- Aim of the task:
With the pictures omitted, output word for word the lines from the one containing "Vente Appartement À" through the end of the records.

- Dataset:
'''

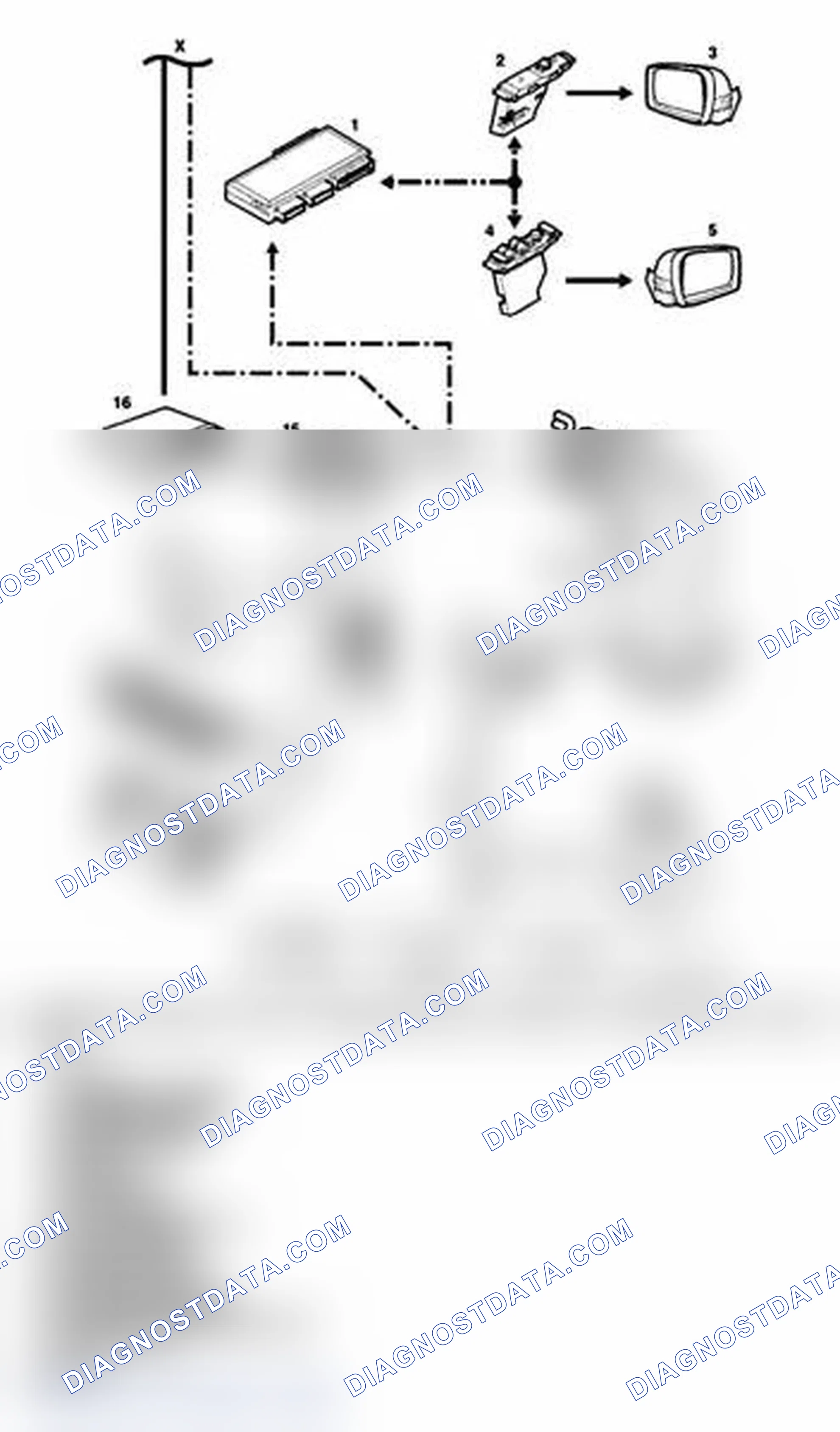 Scheme 79: AC Control Diagram - Low Line System, Sheet 2 of 2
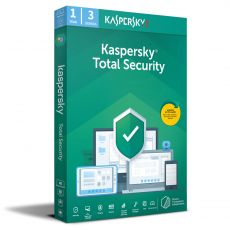Kaspersky Total Security 2023-2024, Runtime: 1 Year, Device: 3 Device, image 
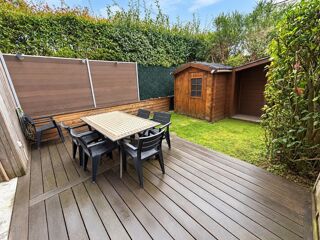 Vente Appartement À Bayonne, un T4 esprit maison et deux terrasses Bayonne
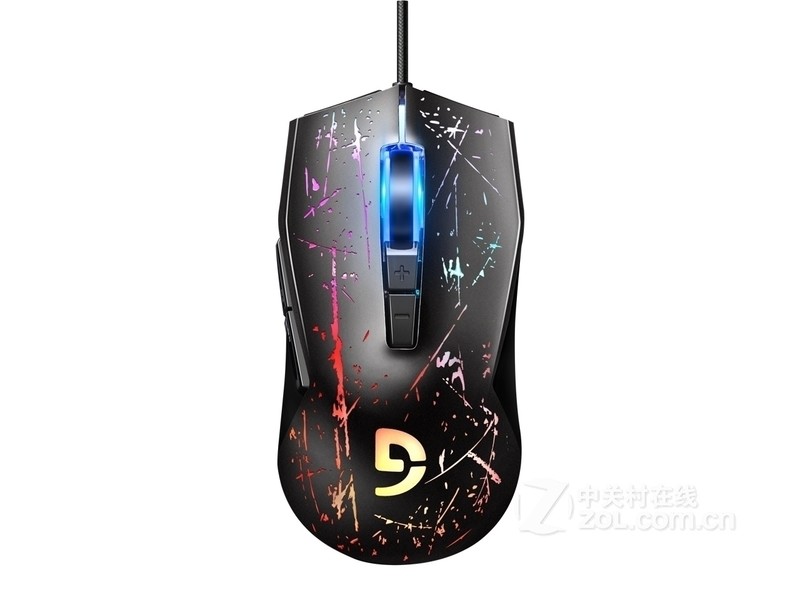 富勒G91S游戏鼠标 - 图片 1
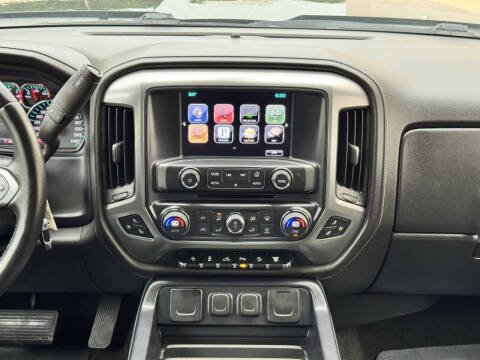 2016 Chevrolet Silverado 2500HD LTZ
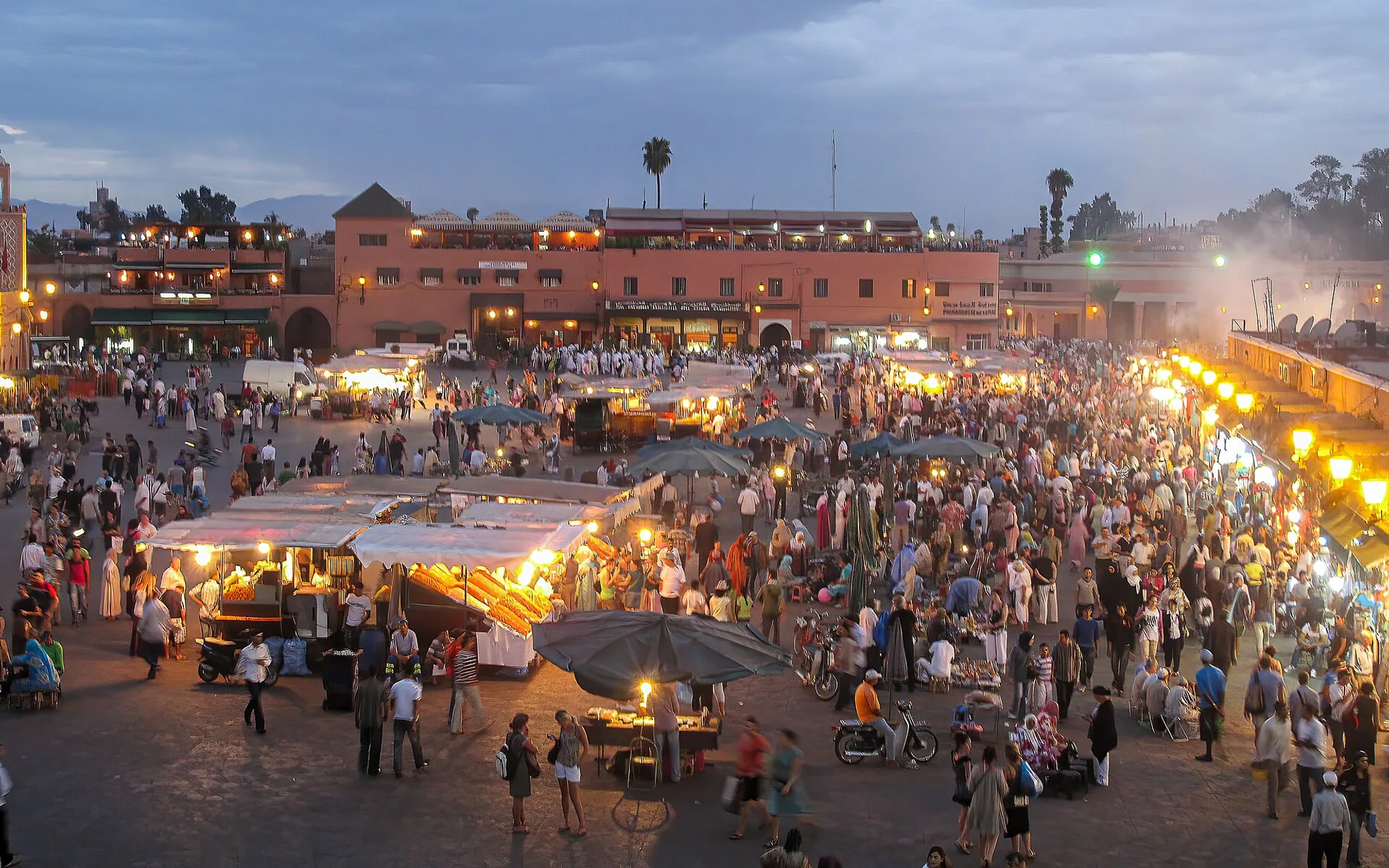 Marrakech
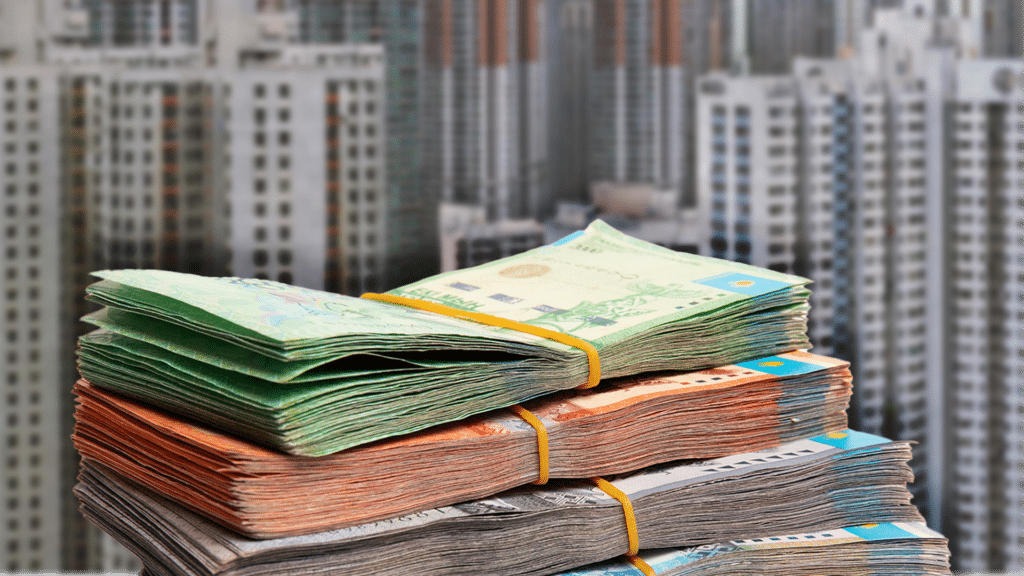 Микроқаржы ұйымдарының несие портфелі кейінгі үш жарым жылда 3 есе өскен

'''

- Result of this task:
 Vente Appartement À Bayonne, un T4 esprit maison et deux terrasses Bayonne
 富勒G91S游戏鼠标 - 图片 1
 2016 Chevrolet Silverado 2500HD LTZ
 Marrakech
 Микроқаржы ұйымдарының несие портфелі кейінгі үш жарым жылда 3 есе өскен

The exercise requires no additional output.